Vinyl chloride (VC), also known as vinyl chloride monomer (VCM) or chloroethene, is a colorless, flammable gas at room temperature and pressure. VC serves as the fundamental building block for the ubiquitous plastic, polyvinyl chloride (PVC). As a chemical intermediate, VC is almost exclusively transformed into this polymer counterpart. The entire manufacturing process is geared toward the efficient, high-volume synthesis of this monomer to supply the global plastics market.
Required Starting Materials
The industrial synthesis of vinyl chloride relies on two readily available, high-volume chemical feedstocks: ethylene and chlorine. Ethylene is a hydrocarbon gas primarily sourced from the cracking of petroleum or natural gas liquids, tying its availability directly to the petrochemical industry. High purity ethylene is required for the production process to maintain efficiency and product quality.
Chlorine is the second necessary component, and it is manufactured through the energy-intensive chlor-alkali process, which involves the electrolysis of a saltwater brine. This process yields both chlorine and sodium hydroxide, linking the supply and cost of chlorine to the overall chlor-alkali market. The combination of these two core chemicals dictates the economics of modern vinyl chloride production.
Hydrogen chloride (HCl) is also important, though it is not a primary feed but a co-product of one reaction step. The modern synthesis method is designed specifically to recycle this HCl stream back into the process. This internal recycling mechanism minimizes waste and maximizes the conversion of the initial feedstocks.
The Balanced Oxychlorination Process
The dominant method for producing vinyl chloride is the “balanced process,” which integrates two distinct reactions to convert ethylene and chlorine into the final product. This system centers on the intermediate compound 1,2-dichloroethane (EDC), the precursor to the vinyl chloride monomer. The balancing act ensures nearly all the chlorine introduced is utilized without generating excess hydrogen chloride waste.
Direct Chlorination
The first step, direct chlorination, is a highly exothermic reaction where liquid ethylene reacts with chlorine to form EDC. This reaction is conducted at relatively low temperatures, often in the presence of a catalyst like ferric chloride (\(\text{FeCl}_3\)). This direct route is efficient, producing high-purity EDC with few by-products.
Oxychlorination
The second step, oxychlorination, provides the mechanism for recycling the hydrogen chloride. In this process, ethylene reacts with hydrogen chloride and oxygen (or air) to produce more EDC and water. This reaction is carried out in a separate, highly exothermic reactor, using a copper chloride (\(\text{CuCl}_2\)) catalyst at elevated temperatures.
Thermal Cracking
The EDC generated from both the direct chlorination and the oxychlorination steps is then combined and purified before the final conversion. The purified EDC is heated to high temperatures in a thermal cracking furnace. This endothermic process, known as pyrolysis, breaks the EDC molecule down into the desired vinyl chloride monomer (VCM) and hydrogen chloride (HCl).

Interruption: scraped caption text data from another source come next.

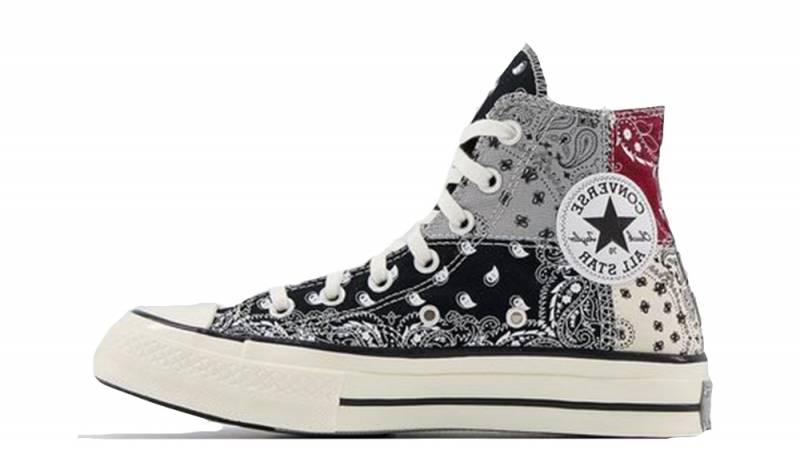comme des garcons converse offspring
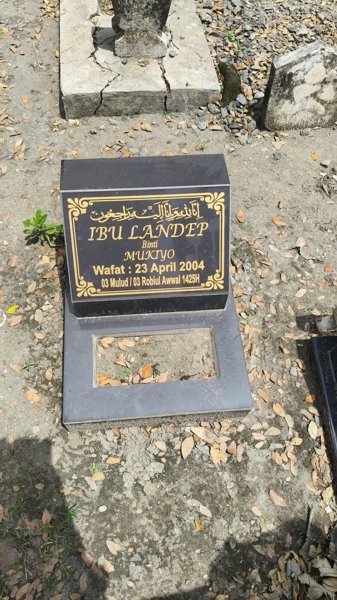 Ibu Landep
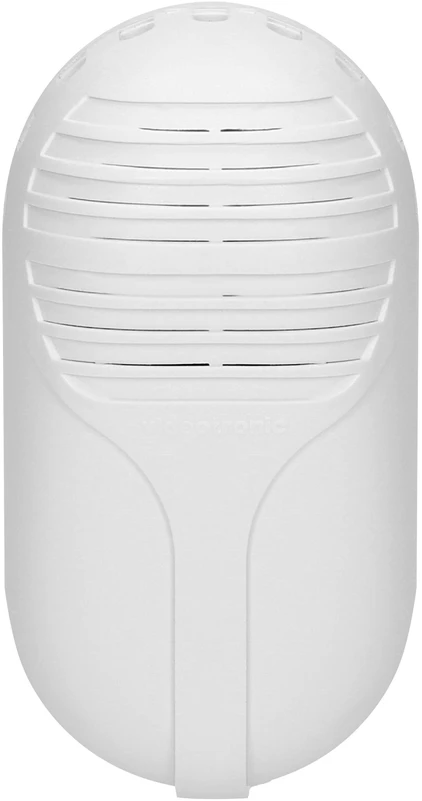 Orno Vieno tono elektromechaninis durų skambutis STANDARD 230V, baltas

The hydrogen chloride produced during the thermal cracking step is routed directly back to the oxychlorination reactor after separation and purification. There, it is consumed to create more EDC. This closed-loop recycling of HCl is the defining feature of the balanced process, allowing for maximum utilization of the raw chlorine input.

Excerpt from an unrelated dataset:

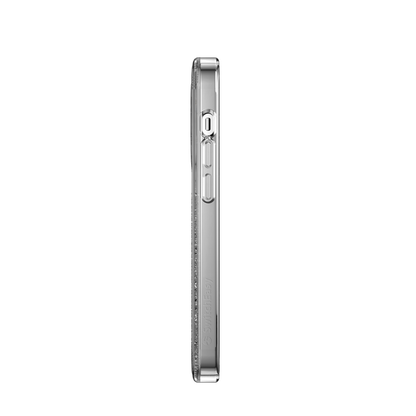 Estuche transparente switcheasy starfield apple iphone 14 pro color transparente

Transformation into Polyvinyl Chloride
The purpose of synthesizing vinyl chloride monomer is its transformation into the polymer, polyvinyl chloride (PVC). Once VCM is produced and purified, it is ready for polymerization, which links the small VCM units into long molecular chains. This is an addition polymerization reaction, meaning the entire VCM molecule is incorporated into the growing polymer chain with no by-products released.
The process begins by introducing liquefied VCM into a reactor containing water, along with chemical initiators and suspending agents. The most common commercial method is suspension polymerization. In this technique, the VCM is dispersed as fine droplets in the water, which acts as a medium for heat removal, controlling the temperature of the exothermic reaction.

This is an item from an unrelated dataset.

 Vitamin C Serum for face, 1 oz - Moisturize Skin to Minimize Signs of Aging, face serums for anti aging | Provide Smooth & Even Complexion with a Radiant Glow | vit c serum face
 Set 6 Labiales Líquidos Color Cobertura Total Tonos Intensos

The initiators, often organic peroxides, decompose under heat to create highly reactive free radicals that attack the carbon-carbon double bond in the VCM molecule. This action opens the bond, allowing the monomer to link with other VCM molecules in a chain reaction. The resulting PVC precipitates out of the droplets as a fine, porous powder, commonly known as PVC resin.
After the desired conversion is reached, unreacted VCM is recovered and recycled back to the reactor. The PVC resin particles are then separated from the water, washed, and dried to form the final white powder product. This versatile resin is then ready to be compounded with additives and processed into the rigid or flexible plastic products used in construction, automotive, and consumer goods industries.